Sin embargo, es un hecho; crear arte, refinar ideas, conocer personas, entablar relaciones, aprender cosas nuevas, ubicarse y darse a entender, son aspectos de la vida en sociedad que tienen que, por regla, costar en algún punto del camino. A medida que vivimos, nos enfrentamos a situaciones complejas que nos ayudan a adquirir y fortalecer nuevas habilidades. Si todas estas habilidades necesarias para desenvolvernos en el mundo, y que debemos conseguir por nuestra cuenta, se las delegamos únicamente a esta nueva extensión tecnológica, que debería actuar como apoyo y complemento en el proceso ¿en qué escenario nos encontramos? ¿Aún nos diferencia como especie nuestra habilidad de crear e innovar? ¿Dejó de ser nuestro principal poder el consolidar colectividades y comunidades sólidas? ¿Hasta qué punto el humano requiere de la simplificación de los procesos naturales?
Es indispensable poner sobre la mesa estas y muchas más preguntas, yo agregaría otra preocupación: en la era de la hiperconectividad mutua, en la que tenemos un vistazo constante y directo hacia la vida del otro, parecemos sentirnos más solos y separados que nunca. Como advierte también Byung-Chul Han en La sociedad del cansancio, este fenómeno nos conduce, paradójicamente, a una mayor soledad y agotamiento emocional.
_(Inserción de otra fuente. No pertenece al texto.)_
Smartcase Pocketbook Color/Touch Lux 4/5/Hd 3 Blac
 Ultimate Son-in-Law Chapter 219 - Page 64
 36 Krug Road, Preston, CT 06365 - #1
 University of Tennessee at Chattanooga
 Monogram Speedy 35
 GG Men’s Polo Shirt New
La masificación de los medios de comunicación nos dio un poder adicional para satisfacer las necesidades de reconocimiento: de crear realidades alternas cuidadosamente corregidas, elegidas y expuestas, cuidando meticulosamente lo que mostramos al mundo. Entablar relaciones genuinas, basadas en el reconocimiento de las cualidades y defectos del otro, o incluso el simple hecho de disfrutar de experiencias sin pensar en compartirlas en redes sociales, se han convertido en grandes retos. Estamos tan bombardeados constantemente con una inquietante presión sobre cómo se debería ver nuestra vida, que ensimismarse es casi imposible. Ignoramos que el silencio es indispensable para poner en orden la mente y, aún más importante: que la solitud no implica soledad.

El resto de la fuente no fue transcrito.